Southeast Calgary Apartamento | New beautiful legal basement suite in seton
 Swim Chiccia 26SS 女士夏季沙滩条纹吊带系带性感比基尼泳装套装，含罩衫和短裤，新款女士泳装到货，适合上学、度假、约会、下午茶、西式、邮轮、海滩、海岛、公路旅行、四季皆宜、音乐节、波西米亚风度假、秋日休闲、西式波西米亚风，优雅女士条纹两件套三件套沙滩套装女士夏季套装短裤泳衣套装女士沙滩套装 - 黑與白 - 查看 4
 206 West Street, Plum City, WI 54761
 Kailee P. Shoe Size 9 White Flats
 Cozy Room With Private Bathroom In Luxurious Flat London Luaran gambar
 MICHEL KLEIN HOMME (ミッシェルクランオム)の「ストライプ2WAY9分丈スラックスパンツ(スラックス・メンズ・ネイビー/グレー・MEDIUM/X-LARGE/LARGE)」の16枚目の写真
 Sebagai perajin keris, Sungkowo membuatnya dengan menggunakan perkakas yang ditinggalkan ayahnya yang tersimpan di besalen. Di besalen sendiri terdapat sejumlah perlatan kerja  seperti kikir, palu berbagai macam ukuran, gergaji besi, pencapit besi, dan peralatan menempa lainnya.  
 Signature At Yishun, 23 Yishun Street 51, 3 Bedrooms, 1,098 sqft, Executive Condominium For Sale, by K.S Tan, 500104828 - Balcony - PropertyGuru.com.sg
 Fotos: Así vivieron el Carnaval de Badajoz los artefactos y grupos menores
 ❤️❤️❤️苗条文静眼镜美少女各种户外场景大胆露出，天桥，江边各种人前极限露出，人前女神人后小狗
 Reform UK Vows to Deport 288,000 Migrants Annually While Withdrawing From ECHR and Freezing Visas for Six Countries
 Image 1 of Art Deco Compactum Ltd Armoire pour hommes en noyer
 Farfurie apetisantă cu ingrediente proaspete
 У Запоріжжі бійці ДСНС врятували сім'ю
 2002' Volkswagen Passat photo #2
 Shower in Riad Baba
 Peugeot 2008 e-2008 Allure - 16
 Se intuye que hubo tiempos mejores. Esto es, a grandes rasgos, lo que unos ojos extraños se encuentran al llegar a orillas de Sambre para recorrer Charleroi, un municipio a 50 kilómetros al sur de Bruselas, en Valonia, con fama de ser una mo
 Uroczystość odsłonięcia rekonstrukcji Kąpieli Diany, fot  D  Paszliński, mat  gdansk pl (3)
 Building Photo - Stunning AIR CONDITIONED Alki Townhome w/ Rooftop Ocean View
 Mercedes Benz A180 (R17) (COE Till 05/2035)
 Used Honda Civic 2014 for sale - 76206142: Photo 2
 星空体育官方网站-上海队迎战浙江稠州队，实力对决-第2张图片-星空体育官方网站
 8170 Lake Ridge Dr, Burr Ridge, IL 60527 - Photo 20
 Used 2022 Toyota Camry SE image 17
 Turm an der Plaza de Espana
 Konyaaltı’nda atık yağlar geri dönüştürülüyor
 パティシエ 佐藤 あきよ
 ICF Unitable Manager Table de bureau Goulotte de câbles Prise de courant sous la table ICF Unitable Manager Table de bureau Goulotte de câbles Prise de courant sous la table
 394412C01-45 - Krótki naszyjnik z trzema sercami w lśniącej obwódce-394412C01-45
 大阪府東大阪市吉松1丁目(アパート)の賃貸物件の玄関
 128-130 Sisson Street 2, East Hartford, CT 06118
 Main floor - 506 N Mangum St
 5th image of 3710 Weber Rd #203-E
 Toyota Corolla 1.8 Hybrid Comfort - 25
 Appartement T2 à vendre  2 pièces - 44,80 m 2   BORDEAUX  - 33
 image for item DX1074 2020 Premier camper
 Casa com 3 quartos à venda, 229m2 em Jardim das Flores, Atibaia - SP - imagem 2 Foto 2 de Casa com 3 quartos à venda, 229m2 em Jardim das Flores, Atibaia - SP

_GOAL OF THE EXERCISE_. All lines in the listing above from the line containing "Se intuye que" to the line containing "Used Honda Civic", inclusive, should be retyped exactly; no other lines should appear.

_RESPONSE BELOW_.
 Se intuye que hubo tiempos mejores. Esto es, a grandes rasgos, lo que unos ojos extraños se encuentran al llegar a orillas de Sambre para recorrer Charleroi, un municipio a 50 kilómetros al sur de Bruselas, en Valonia, con fama de ser una mo
 Uroczystość odsłonięcia rekonstrukcji Kąpieli Diany, fot  D  Paszliński, mat  gdansk pl (3)
 Building Photo - Stunning AIR CONDITIONED Alki Townhome w/ Rooftop Ocean View
 Mercedes Benz A180 (R17) (COE Till 05/2035)
 Used Honda Civic 2014 for sale - 76206142: Photo 2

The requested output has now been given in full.